We present learning-based implicit shape representations designed for real-time avatar collision queries arising in the simulation of clothing. Signed distance functions (SDFs) have been used for such queries for many years due to their computational efficiency. Recently deep neural networks have been used for implicit shape representations (DeepSDFs) due to their ability to represent multiple shapes with modest memory requirements compared to traditional representations over dense grids. However, the computational expense of DeepSDFs prevents their use in real-time clothing simulation applications. We design a learning-based representation of SDFs for human avatars whoes bodies change shape kinematically due to joint-based skinning. Rather than using a single DeepSDF for the entire avatar, we use a collection of extremely computationally efficient (shallow) neural networks that represent localized deformations arising from changes in body shape induced by the variation of a single joint. This requires a stitching process to combine each shallow SDF in the collection together into one SDF representing the signed closest distance to the boundary of the entire body. To achieve this we augment each shallow SDF with an additional output that resolves whether or not the individual shallow SDF value is referring to a closest point on the boundary of the body, or to a point on the interior of the body (but on the boundary of the individual shallow SDF). Our model is extremely fast and accurate and we demonstrate its applicability with real-time simulation of garments driven by animated characters.
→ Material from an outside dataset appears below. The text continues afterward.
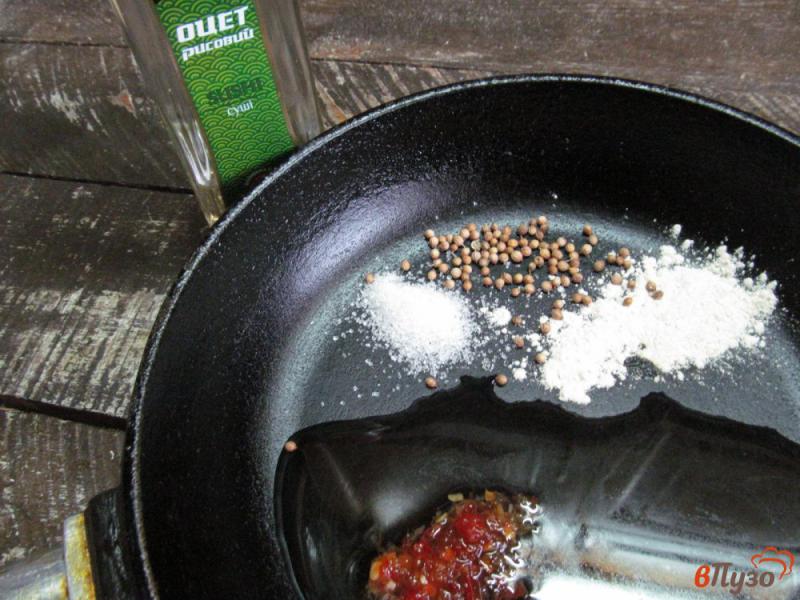 Фото приготовление рецепта: Огурцы с грибами по китайски шаг №3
翻译：我们提出了一种基于学习的隐式形状表示方法，专为服装仿真中出现的实时虚拟化身碰撞查询而设计。符号距离函数（SDFs）因其计算效率高，多年来一直被用于此类查询。最近，深度神经网络被用于隐式形状表示（DeepSDFs），因为与传统基于密集网格的表示相比，它们能够以适中的内存需求表示多种形状。然而，DeepSDFs的计算开销阻碍了其在实时服装仿真应用中的使用。我们为人体虚拟化身设计了一种基于学习的SDF表示方法，这些化身的身体形状会因基于关节的蒙皮而发生运动学变化。我们并非对整个虚拟化身使用单一的DeepSDF，而是采用一组计算效率极高（浅层）的神经网络，用于表示由单个关节变化引起的身体形状变化所产生的局部变形。这需要一个缝合过程，将集合中的每个浅层SDF组合成一个SDF，用以表示到整个身体边界的有符号最近距离。为此，我们为每个浅层SDF增加了一个额外的输出，用于判断单个浅层SDF值是指向身体边界上的最近点，还是指向身体内部（但在单个浅层SDF边界上）的点。我们的模型速度极快且精度高，并通过由动画角色驱动的服装实时仿真展示了其适用性。